Work to be completed -> Images do not belong in the copy. Retype all the entries below exactly.

::::

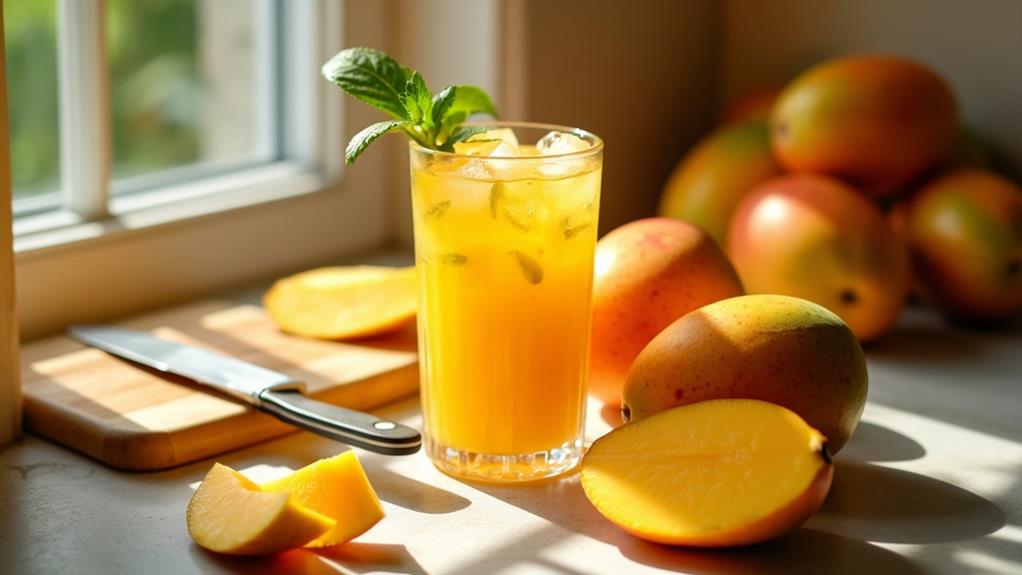 delicious mango juice recipe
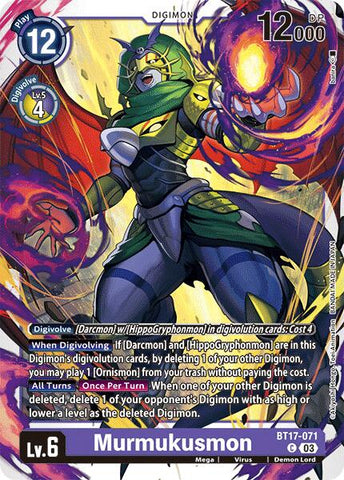Murmukusmon [BT17-071] [Crisis Secreta]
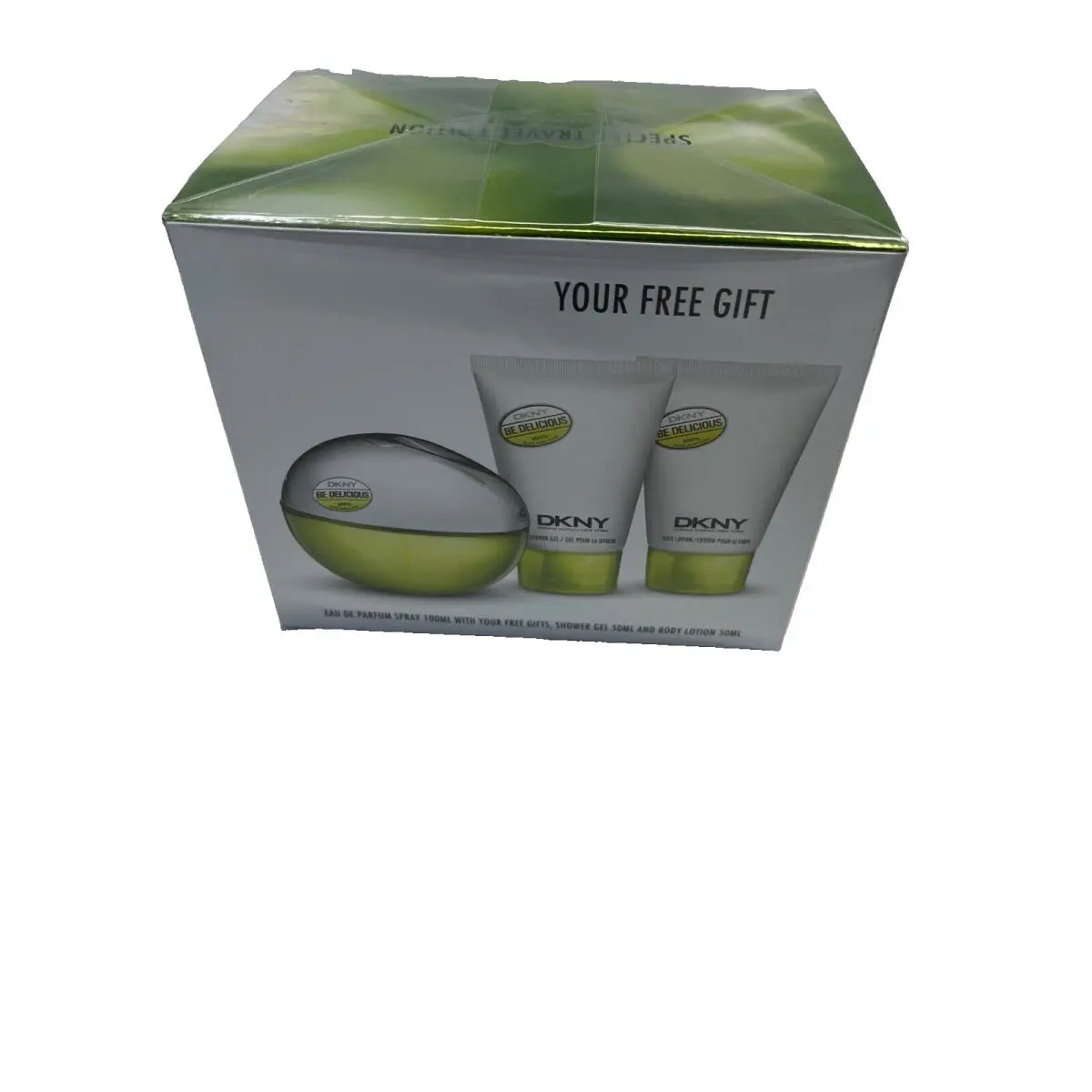 Dkny Be Delicious 3 Counts Perfume Gift Set by DKNY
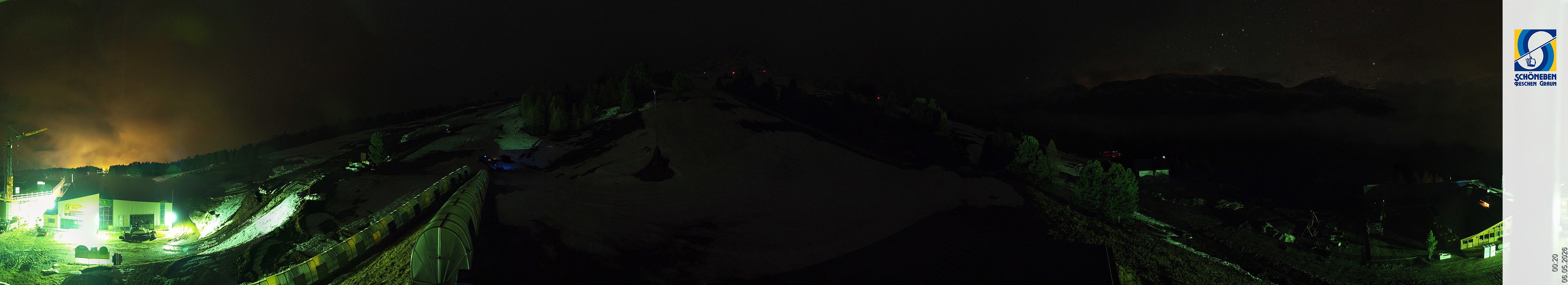 Archiv Foto Webcam Schöneben - Panoramablick von der Mittelstation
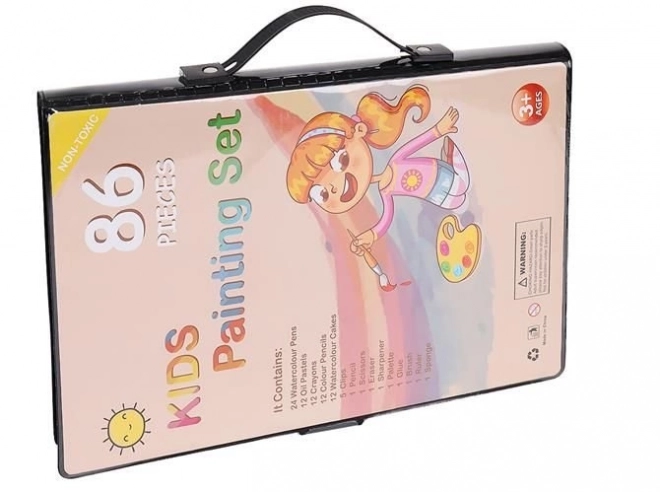 Zestaw do sztuki - 86 sztuk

::::

Answer space ->
 delicious mango juice recipe
Murmukusmon [BT17-071] [Crisis Secreta]
 Dkny Be Delicious 3 Counts Perfume Gift Set by DKNY
 Archiv Foto Webcam Schöneben - Panoramablick von der Mittelstation
 Zestaw do sztuki - 86 sztuk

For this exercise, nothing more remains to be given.